Погрузив нас в теплушку и дождавшись отправления неимоверно длинного состава, отец, уже совсем закончив процедуру прощания, шел за поездом, медленно набиравшим скорость, и выкрикивал какие-то последние напутствия. И вдруг — в самый последний момент — махнув рукой, на довольно уже быстром ходу вскочил в вагон и решительно объявил нам, что едет с нами.

Сперва, кажется, речь шла о том, что он сойдет на первой же остановке. Потом — что доедет с нами до Казани. Потом — что проводит нас до Свердловска, поможет устроиться и только после этого вернется обратно, в Москву.

Но ни из Казани, ни из Свердловска, ни из Серова, куда нас отправили, когда выяснилось, что Свердловск набит беженцами до отказа, он так в Москву и не вернулся. Остался с нами.
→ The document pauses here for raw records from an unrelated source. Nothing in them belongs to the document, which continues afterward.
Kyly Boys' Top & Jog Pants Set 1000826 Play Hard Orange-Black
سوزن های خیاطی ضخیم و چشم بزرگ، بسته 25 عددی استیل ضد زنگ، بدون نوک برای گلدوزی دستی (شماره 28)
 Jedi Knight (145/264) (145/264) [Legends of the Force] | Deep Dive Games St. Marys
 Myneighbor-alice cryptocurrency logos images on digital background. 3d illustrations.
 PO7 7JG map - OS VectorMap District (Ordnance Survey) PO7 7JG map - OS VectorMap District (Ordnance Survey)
В Серове, где мы наконец осели, он устроился на работу в тот же госпиталь, в котором работала мать. Но работа матери, хоть и была она вольнонаемной, была безусловно нужна, даже необходима. Занятия же отца были какие-то странные. Похоже было, что он даже сам их выдумал и каким-то чудом ухитрился убедить госпитальное начальство в их нужности. Состояли эти его занятия в том, что он устраивал для раненых бойцов концерты, какие-то самодеятельные спектакли, в которых сам, вовсе не будучи актером, играл главные роли. В концертах он тоже выступал, как правило, совсем не в той роли, в какой был профессионалом. (Скрипку раненые слушали не очень охотно, гораздо больше им был по душе баян.) Он охотно брал на себя роль конферансье, читал какие-то юмористические рассказы, играл в коротеньких скетчах и водевилях, которые сам же и ставил…

Ну сами посудите, мог ли я вставить в свой рассказ такого отца?

Ведь как и в первом моем рассказе, здесь я тоже инстинктивно стремился к тому, чтобы мой герой был — как все. А у всех моих сверстников — во всяком случае, почти у всех — отцы тогда были на фронте…

Это отклонение от автобиографической правды, конечно, пустяком уже не было. Но оно не противоречило логике и правде жизни. Скорее наоборот: оно как раз и было продиктовано (так, во всяком случае, мне тогда казалось) логикой и правдой жизни.

Но главное отклонение от того, что было на самом деле, — то, на котором, собственно, и держался, строился весь рассказ, — было уже совсем иного свойства.

В школу я тогда действительно — впервые в жизни — записался сам. И все это было в точности так, как об этом написано в рассказе. И действительно — тоже как в рассказе — по какому-то внезапному озарению объявил там, что меня зовут Феликсом. И целый год откликался на это — не свое, придуманное — имя.

Но причина этого — и в самом деле довольно странного — поступка была совсем иная. Она была проще, но в то же время и сложнее той, которая толкнула на это моего героя.

Чуть ли не с самого раннего детства мне дико не нравилось мое имя. Не нравилось по очень простой причине: оно было необычное. У всех имена были — как имена. И только у меня одного — не имя, а черт знает что такое. Еще до войны, в шестом, кажется, классе, на уроке истории (мы проходили тогда историю Средних веков) выяснилось, что был там у них какой-то римский папа по имени Бенедикт. Известие это вызвало в классе бурное веселье — все оборачивались в мою сторону, тыкали в меня пальцами, хохотали.